Laura, spiega ancora una volta al mondo che non sei uguale agli altri.
Sono stanca di questa diversità. Se potessi esprimere un solo desiderio, adesso, vorrei vedere i colori. Al diavolo il pattinaggio, al diavolo tutti. Mi piacerebbe che mi fosse concesso un giorno da persona normale.
Sento che le lacrime mi stanno scorrendo lungo le guance. Le spalle si scrollano di dosso la polvere degli ultimi mesi. Singhiozzo come una scema e il mio giubbottino di jeans segue i miei sussulti.
«Smettila», mormoro «smettila, sei solo una stupida»

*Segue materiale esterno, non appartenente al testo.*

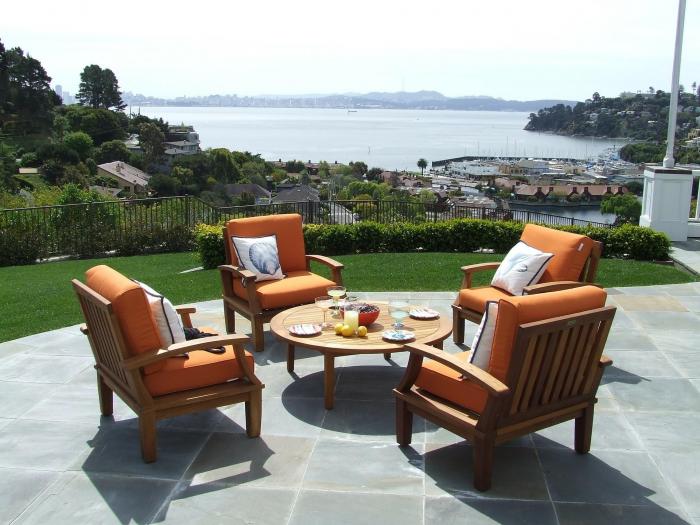 Chairs outside on the patio overlooking the sea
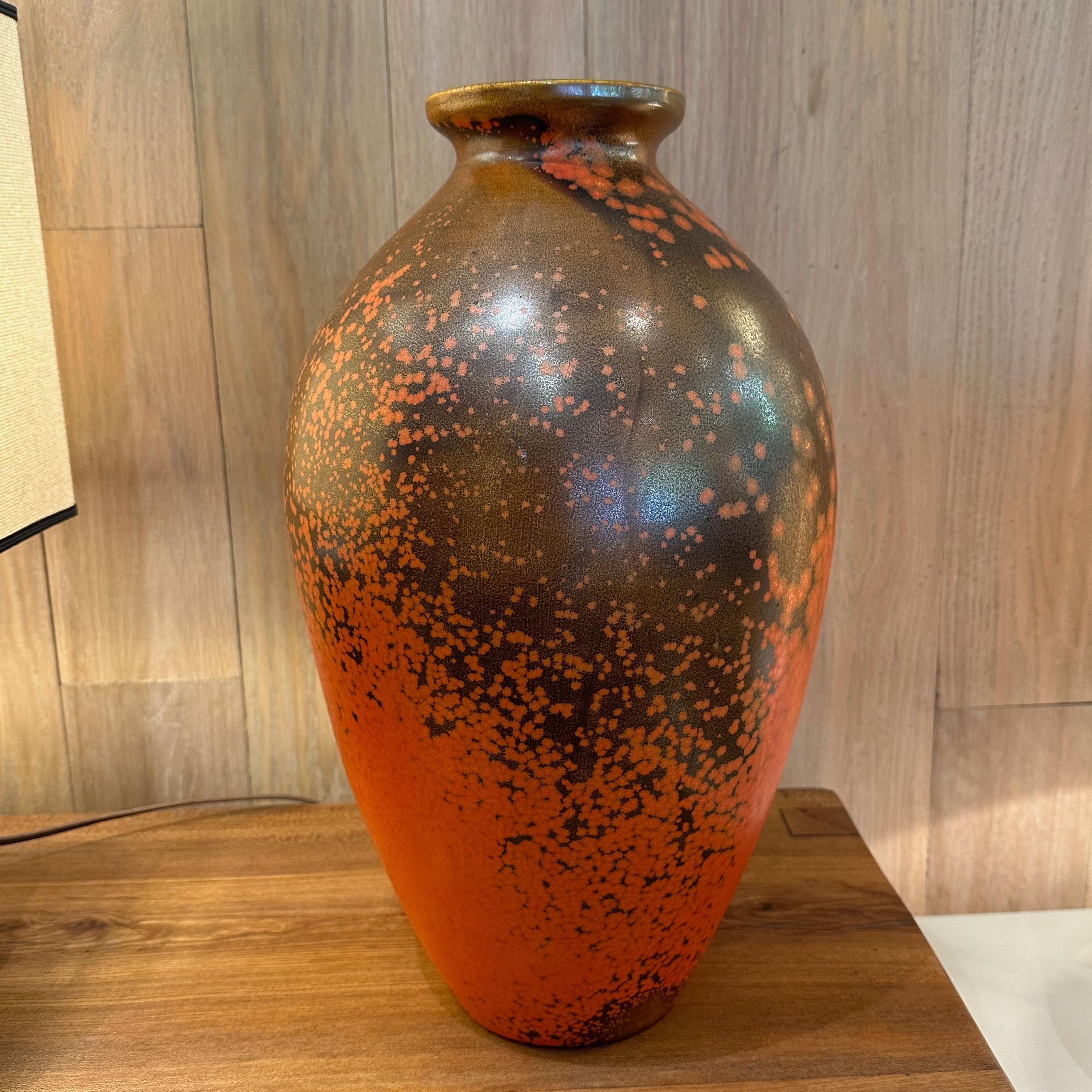 Beautiful orange and brown ceramic vase.
1950s Italian signed Guido Andlovlz large scale vase.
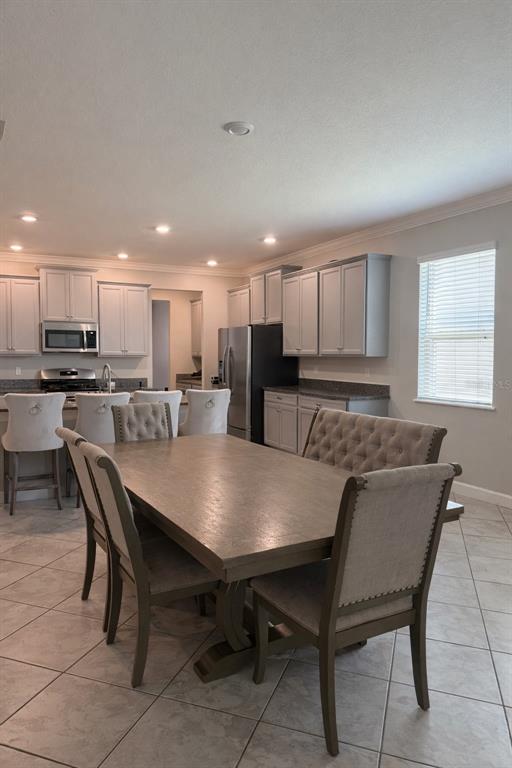 25118 Lambrusco Loop Lutz, FL 33559 - Photo 21 of 26 a view of a dining room with furniture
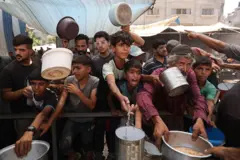 أطفال فلسطينيون يصطفون لتلقي طعام من مطبخ خيري في مخيم النصيرات وسط غزة، 15 يوليو/ تموز 2025.

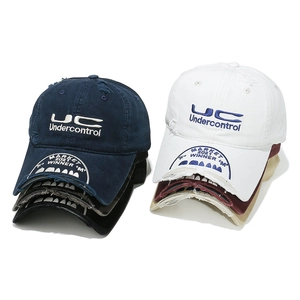 Distressed vintage baseball cap with ripped brim and custom embroidery in multiple colors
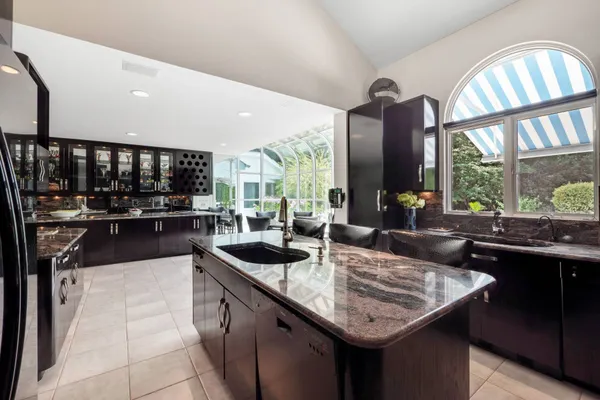 a kitchen with sink a counter top space and appliances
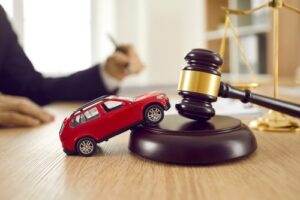 toy automobile crashed against judge gavel with scales of justice on desk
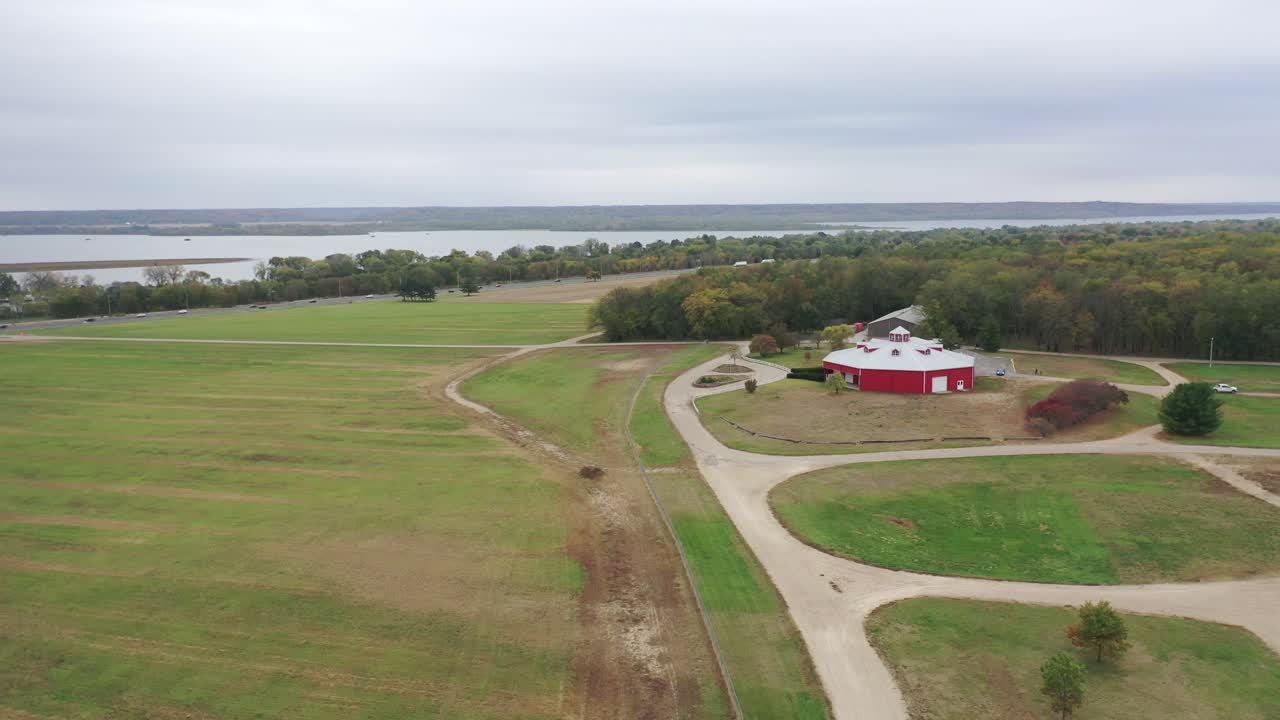 vista aérea de un patio de granja cubierto de hierba en illinois con un granero rojo y el río en el fondo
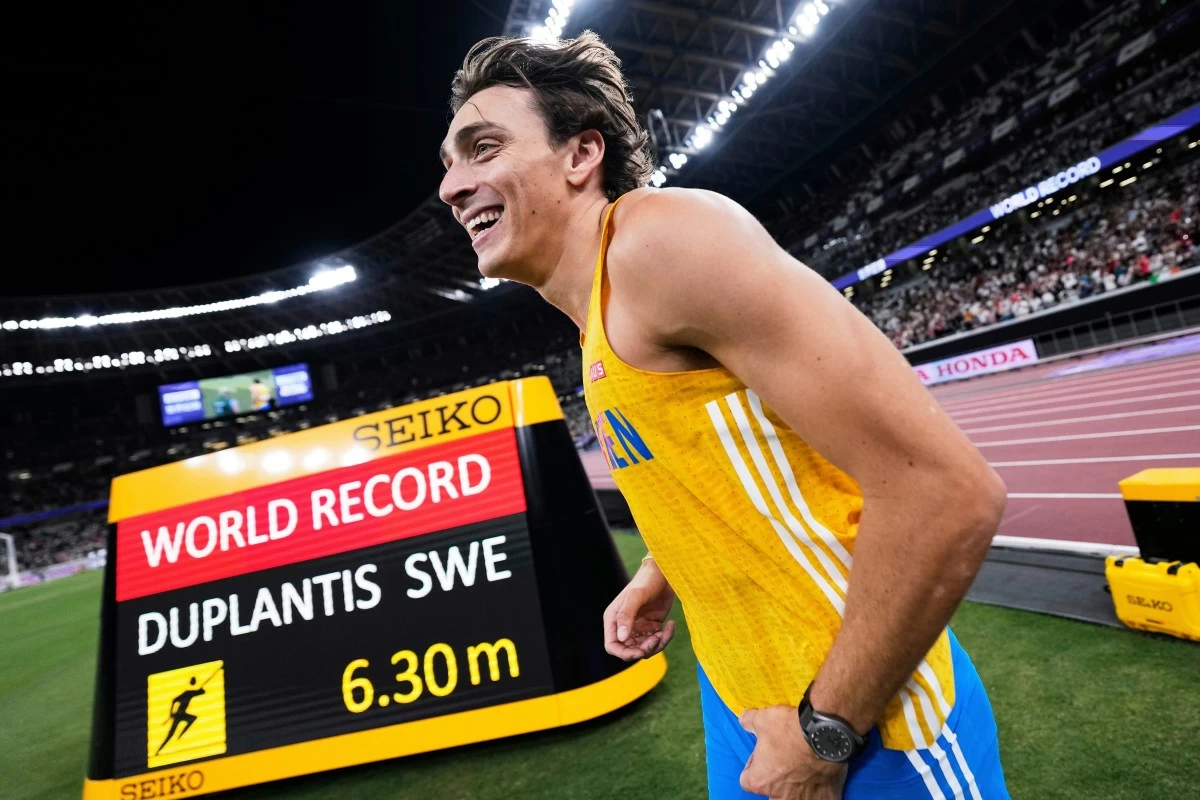 FILE - Sweden's Armand Duplantis is reacts after winning gold and setting a world record in the men's pole vault final at the World Athletics Championships in Tokyo, Monday, Sept. 15, 2025. (AP Photo/Ashley Landis,File)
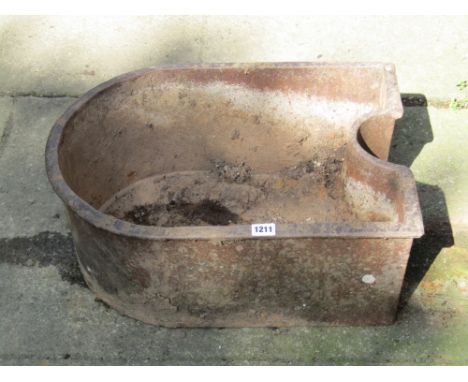 A reclaimed cast iron trough with single D end, partially inverted to other, 52 cm long x 40 cm wide x 20 cm deep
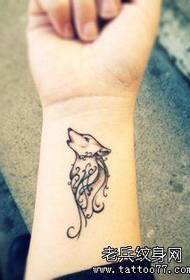 a woman's wrist wolf tattoo pattern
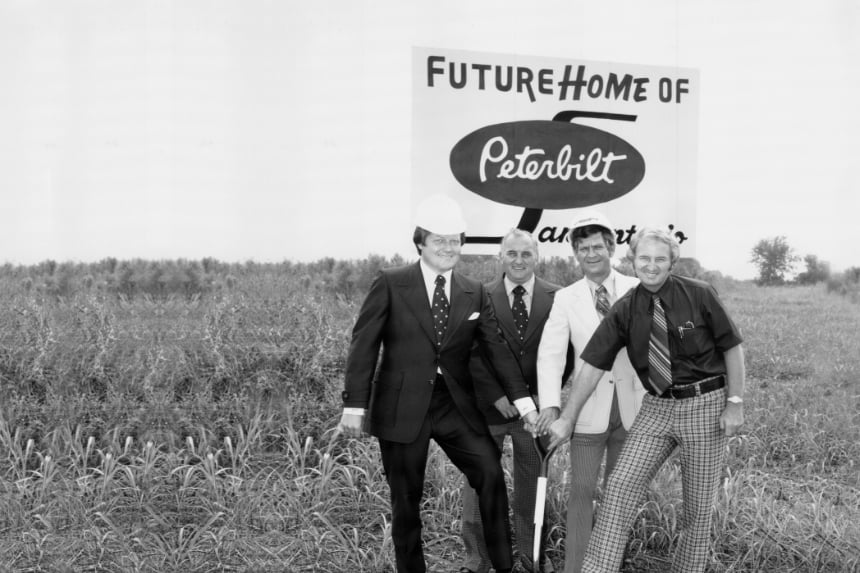 Four men next to sign that says "Future home of Peterbilt"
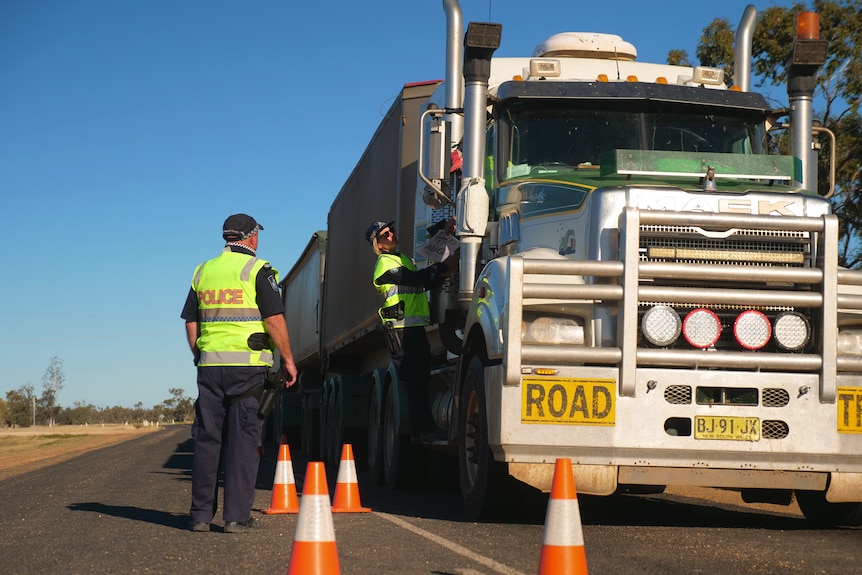 Two police officers standing next to a B-double truck. There are four orange and white cones on the road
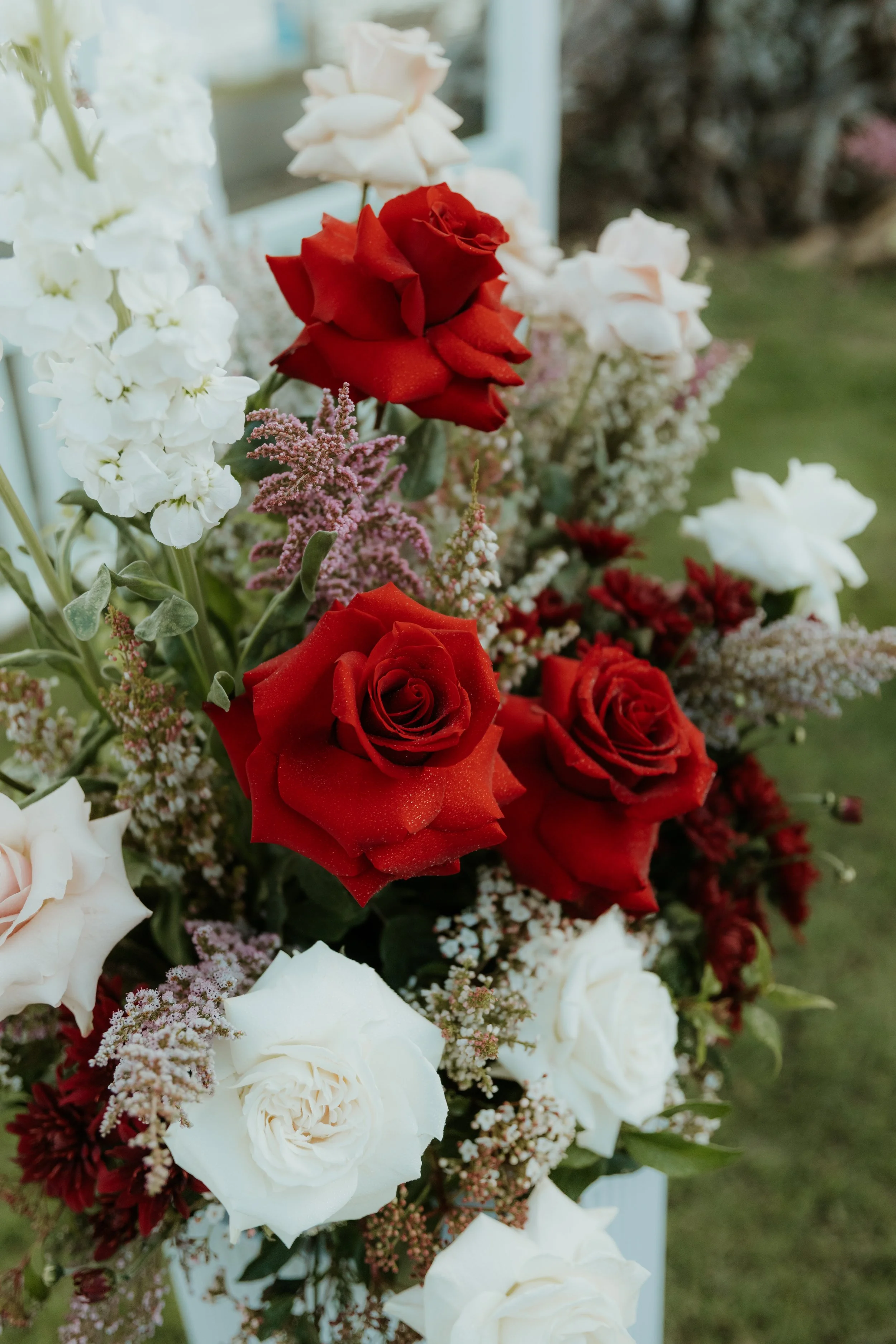 A bouquet of mixed red and white roses with small pink and white filler flowers, set outdoors.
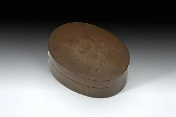 A Chinese bronze ink round box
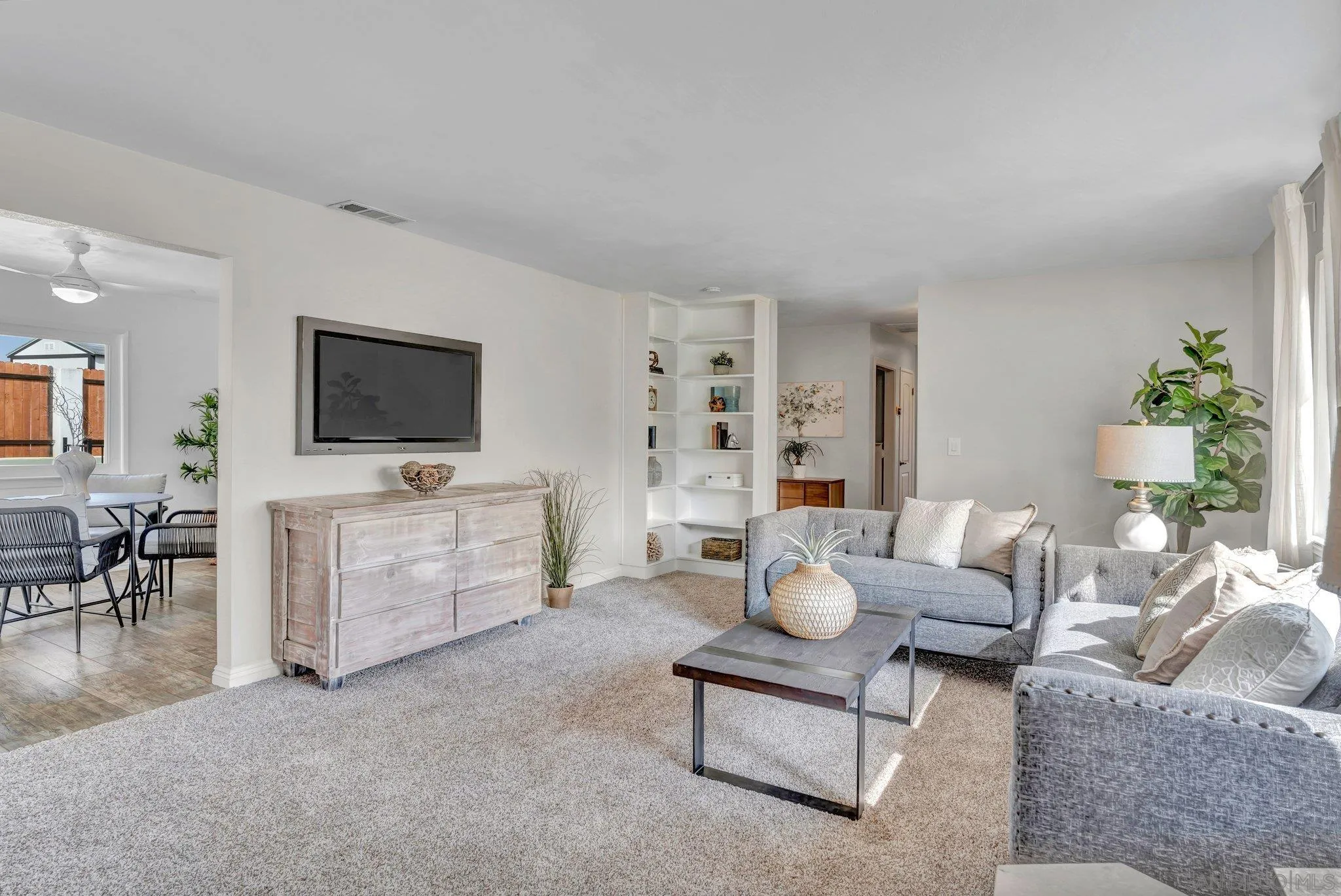 1217 Memory Lane Vista, CA 92084 - Photo 5 of 72 a living room with furniture and a flat screen tv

Sento il rombo di una moto dietro di me. Sarà il solito turista che cerca un parcheggio il più possibile vicino al lago. Non mi giro. Aspetto che se ne vada. Non lo vede che non c'è posto?
Il rumore continua, imperterrito. Mi asciugo le lacrime, stizzita. Non si può neanche piangere in santa pace. Mi alzo per andarmene e il motociclista spegne il motore. Mi giro. Si toglie il casco.
E' Geo.
A volte avremmo solo bisogno di qualcuno che arrivi su una moto e ci dica: Vieni. Ti porto a fare un giro.